Trust

Why trust Rhumb?

A scoring system is only as good as its integrity. Here's how we earn trust — and what we're still working on.

Trust should be inspectable

Agent-native trust means we do not ask humans or agents to rely on vibes. Each trust claim on this page should resolve to a public, inspectable artifact.

Method: published methodology
Self-audit: current self-assessment and historical baseline
Machine-readable entry point: llms.txt and agent capabilities JSON
Canonical definitions: public glossary
Dispute path: provider guide with public GitHub template, private email path, and a 5-business-day response target

⚖

Neutrality is non-negotiable

Scores cannot be bought. We do not accept payment for higher scores. Our pricing model charges for operations (API access, webhooks, enterprise features) — never for outcomes (score changes). This is a hard boundary, not a preference.

🔬

We scored ourselves first

Before scoring anyone else, we ran the AN Score methodology on Rhumb itself. We first published a 3.5/10 (L1 Emerging) baseline before launch, then later published a fuller 6.8/10 (L3 Fluent) self-assessment . The original March 11 baseline is still public too. If we can't be honest about our own shortcomings, why would you trust our assessment of anyone else?

📖

Open methodology

Our scoring methodology is fully documented — 20 dimensions, 2 axes, tier definitions, data sources, limitations. You can read exactly how every score is calculated. The code is open source (MIT) .

⚡

Dispute any score

Disagree with a score? File a dispute via GitHub issue template or email . Every dispute is reviewed, we aim to respond within 5 business days, and public outcomes live on GitHub . We don't hide from criticism — we use it to improve.

📄

CC BY 4.0 data license

All scores and failure modes are licensed Creative Commons Attribution 4.0 International . Use them in your research, embed them in your products, cite them in your papers. We just ask for attribution.

⚠

Honest about limitations

Most scores start as documentation-derived , built from published API docs and provider claims. These capture what should work, but cannot catch undocumented behaviors, silent schema changes, or production edge cases.
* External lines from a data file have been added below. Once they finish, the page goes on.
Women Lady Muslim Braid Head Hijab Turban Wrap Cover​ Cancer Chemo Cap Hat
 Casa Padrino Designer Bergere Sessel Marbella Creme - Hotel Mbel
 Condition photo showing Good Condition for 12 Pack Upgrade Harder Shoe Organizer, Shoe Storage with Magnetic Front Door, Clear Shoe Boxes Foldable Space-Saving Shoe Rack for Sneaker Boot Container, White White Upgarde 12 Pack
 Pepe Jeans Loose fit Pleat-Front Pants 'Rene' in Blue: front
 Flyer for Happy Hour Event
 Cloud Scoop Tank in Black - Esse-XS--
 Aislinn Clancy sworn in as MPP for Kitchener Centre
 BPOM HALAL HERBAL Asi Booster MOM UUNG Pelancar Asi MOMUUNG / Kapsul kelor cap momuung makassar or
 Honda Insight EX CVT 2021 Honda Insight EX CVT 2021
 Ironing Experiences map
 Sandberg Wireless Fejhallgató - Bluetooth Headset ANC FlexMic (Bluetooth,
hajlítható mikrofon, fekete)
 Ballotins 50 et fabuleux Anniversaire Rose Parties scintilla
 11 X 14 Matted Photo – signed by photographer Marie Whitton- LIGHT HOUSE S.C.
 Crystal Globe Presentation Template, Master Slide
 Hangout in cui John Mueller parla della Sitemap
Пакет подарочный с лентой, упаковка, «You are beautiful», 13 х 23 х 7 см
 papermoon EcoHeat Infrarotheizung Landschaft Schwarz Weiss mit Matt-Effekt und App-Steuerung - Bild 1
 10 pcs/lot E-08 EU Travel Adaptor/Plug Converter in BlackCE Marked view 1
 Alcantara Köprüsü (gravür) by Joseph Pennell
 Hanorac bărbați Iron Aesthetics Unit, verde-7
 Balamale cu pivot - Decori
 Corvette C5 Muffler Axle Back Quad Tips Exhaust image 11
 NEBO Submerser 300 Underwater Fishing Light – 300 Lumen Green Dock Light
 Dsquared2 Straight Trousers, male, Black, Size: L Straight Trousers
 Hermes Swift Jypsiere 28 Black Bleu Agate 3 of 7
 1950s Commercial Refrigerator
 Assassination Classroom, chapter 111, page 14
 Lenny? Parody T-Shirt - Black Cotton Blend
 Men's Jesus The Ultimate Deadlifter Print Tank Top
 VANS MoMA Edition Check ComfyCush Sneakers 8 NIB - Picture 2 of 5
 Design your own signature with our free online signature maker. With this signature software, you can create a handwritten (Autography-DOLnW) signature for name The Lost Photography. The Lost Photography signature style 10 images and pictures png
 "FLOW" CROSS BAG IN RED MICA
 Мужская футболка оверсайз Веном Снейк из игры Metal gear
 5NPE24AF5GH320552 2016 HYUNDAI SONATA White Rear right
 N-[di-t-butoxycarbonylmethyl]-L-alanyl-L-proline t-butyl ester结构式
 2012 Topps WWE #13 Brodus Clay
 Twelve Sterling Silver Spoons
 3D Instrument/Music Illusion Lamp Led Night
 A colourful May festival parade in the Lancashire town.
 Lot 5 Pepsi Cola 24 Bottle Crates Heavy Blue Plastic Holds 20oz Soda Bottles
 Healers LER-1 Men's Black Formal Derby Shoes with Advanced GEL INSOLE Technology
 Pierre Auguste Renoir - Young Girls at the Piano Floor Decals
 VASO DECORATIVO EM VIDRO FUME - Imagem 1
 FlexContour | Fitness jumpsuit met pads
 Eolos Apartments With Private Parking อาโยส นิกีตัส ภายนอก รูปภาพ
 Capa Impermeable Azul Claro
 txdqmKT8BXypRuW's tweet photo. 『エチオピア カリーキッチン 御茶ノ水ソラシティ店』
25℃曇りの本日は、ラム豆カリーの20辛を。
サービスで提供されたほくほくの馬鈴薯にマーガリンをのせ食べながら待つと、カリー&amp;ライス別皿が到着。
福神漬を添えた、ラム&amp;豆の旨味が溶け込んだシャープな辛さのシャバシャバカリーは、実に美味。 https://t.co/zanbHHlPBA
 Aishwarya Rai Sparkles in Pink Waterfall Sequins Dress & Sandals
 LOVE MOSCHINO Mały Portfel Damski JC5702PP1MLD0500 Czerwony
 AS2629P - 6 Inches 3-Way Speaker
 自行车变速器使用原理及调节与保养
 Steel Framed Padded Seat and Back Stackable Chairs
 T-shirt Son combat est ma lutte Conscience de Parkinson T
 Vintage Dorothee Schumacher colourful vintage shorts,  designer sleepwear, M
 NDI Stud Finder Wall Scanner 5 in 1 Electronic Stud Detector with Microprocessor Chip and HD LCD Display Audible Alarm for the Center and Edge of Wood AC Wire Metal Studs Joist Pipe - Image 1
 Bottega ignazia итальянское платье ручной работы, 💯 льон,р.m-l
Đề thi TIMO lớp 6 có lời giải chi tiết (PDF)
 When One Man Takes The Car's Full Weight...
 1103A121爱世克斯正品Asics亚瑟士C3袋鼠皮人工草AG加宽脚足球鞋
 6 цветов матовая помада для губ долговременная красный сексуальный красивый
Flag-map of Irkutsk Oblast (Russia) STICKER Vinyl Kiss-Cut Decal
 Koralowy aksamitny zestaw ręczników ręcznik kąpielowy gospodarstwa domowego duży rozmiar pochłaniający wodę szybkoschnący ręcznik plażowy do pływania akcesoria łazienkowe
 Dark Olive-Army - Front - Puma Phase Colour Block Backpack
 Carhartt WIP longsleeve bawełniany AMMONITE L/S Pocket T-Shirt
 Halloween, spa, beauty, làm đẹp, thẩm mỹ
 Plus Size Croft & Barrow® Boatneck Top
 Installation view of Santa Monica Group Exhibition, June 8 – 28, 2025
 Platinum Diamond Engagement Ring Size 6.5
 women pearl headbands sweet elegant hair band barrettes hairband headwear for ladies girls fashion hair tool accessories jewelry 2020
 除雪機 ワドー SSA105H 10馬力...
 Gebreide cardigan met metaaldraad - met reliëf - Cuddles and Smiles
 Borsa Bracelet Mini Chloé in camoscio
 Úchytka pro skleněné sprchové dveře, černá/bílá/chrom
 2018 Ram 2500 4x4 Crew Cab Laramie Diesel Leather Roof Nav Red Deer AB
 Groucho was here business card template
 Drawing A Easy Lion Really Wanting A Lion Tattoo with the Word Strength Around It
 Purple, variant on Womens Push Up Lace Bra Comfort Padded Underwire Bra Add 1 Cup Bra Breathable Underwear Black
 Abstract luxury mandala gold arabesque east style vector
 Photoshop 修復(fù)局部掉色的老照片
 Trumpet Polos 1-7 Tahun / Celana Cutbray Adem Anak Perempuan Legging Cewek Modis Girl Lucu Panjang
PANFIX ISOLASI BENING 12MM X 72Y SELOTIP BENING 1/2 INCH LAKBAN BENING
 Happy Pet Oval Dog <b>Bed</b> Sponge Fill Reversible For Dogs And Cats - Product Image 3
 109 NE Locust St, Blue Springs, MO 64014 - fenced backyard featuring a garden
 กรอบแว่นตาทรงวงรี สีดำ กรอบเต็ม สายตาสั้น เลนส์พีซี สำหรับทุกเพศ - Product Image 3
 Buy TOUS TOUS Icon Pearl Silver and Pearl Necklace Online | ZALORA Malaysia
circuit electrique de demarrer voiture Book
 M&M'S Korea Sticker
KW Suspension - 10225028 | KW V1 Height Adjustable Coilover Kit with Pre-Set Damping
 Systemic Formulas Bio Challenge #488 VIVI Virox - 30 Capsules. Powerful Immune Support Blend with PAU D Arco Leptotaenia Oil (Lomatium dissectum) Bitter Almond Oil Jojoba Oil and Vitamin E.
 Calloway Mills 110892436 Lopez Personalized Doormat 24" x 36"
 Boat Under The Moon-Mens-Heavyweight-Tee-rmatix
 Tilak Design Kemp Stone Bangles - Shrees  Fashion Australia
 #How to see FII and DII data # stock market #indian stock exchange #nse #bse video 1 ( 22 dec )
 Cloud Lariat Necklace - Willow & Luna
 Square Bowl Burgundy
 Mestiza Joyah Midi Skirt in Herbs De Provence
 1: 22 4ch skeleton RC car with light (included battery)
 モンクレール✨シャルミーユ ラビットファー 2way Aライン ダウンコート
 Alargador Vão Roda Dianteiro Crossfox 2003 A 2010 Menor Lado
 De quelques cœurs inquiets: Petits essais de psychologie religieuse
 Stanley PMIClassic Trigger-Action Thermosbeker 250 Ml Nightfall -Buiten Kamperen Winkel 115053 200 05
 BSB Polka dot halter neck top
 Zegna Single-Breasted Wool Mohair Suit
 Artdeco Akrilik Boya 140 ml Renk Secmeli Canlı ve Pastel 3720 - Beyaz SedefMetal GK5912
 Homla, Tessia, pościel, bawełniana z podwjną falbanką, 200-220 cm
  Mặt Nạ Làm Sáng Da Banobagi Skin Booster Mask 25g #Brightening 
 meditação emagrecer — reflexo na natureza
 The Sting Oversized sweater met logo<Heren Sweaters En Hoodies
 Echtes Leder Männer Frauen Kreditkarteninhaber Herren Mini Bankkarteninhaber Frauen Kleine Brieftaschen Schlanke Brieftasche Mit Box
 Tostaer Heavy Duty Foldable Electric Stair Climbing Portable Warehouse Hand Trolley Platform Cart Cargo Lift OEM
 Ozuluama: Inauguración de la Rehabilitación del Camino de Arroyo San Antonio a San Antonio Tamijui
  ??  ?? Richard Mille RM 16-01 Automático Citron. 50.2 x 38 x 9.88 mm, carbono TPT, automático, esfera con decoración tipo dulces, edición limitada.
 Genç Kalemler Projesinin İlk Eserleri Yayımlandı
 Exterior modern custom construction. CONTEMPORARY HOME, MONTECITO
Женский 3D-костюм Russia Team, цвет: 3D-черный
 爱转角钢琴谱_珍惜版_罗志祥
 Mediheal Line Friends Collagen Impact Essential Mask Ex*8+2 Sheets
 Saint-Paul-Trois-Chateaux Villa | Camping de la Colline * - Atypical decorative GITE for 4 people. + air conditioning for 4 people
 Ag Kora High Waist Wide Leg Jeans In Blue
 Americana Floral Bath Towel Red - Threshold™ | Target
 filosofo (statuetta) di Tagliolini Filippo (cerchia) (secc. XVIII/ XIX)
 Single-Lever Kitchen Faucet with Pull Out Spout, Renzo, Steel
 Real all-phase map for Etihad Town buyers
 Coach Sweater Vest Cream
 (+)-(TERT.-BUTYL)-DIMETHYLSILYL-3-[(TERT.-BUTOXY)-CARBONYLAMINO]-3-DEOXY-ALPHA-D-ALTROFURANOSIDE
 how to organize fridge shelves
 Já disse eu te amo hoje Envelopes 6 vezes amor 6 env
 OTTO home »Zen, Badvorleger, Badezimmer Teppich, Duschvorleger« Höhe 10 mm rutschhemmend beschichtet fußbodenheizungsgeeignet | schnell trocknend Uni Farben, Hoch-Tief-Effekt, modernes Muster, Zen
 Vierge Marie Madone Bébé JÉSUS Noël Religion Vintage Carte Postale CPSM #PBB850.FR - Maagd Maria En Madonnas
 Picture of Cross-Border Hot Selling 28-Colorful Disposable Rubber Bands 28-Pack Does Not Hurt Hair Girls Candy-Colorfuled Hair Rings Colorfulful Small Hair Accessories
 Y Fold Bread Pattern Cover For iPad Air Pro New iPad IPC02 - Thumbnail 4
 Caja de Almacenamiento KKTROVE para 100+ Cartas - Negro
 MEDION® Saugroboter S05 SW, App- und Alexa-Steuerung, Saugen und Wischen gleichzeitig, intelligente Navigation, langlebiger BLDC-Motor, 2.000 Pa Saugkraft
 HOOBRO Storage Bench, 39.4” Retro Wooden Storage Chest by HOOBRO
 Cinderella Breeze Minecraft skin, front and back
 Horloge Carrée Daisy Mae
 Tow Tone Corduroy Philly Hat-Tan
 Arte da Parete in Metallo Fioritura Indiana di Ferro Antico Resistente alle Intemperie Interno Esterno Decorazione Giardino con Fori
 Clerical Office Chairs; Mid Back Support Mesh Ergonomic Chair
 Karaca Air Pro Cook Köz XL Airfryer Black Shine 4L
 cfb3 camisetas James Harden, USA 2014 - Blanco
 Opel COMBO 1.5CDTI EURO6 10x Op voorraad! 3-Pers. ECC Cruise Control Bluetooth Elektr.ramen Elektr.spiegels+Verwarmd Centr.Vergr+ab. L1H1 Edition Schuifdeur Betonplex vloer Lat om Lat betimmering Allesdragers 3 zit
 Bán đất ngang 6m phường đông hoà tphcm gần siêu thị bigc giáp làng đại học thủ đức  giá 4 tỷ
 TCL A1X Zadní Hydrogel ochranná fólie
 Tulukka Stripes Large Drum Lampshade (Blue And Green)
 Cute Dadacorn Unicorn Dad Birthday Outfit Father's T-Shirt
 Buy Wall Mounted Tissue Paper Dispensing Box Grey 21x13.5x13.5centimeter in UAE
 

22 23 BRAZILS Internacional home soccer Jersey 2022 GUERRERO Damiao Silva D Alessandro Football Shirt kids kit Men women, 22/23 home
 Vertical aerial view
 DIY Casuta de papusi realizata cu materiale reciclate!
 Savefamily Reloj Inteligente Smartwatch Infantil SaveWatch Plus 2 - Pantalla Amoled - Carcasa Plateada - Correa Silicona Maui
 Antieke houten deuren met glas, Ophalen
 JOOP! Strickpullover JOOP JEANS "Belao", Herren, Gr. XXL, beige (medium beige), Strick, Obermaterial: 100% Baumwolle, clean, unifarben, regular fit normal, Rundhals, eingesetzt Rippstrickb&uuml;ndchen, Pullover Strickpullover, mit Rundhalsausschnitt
We are actively closing this gap. A growing share of our reviews are runtime-backed — supported by real evidence from agent execution, tester-generated probes, and live API calls. Every review labels its evidence source. You can inspect the evidence behind any score via our API .

We will always be transparent about what we know and how we know it. Our goal is 100% runtime-backed coverage — but we won't hide the gap while we close it.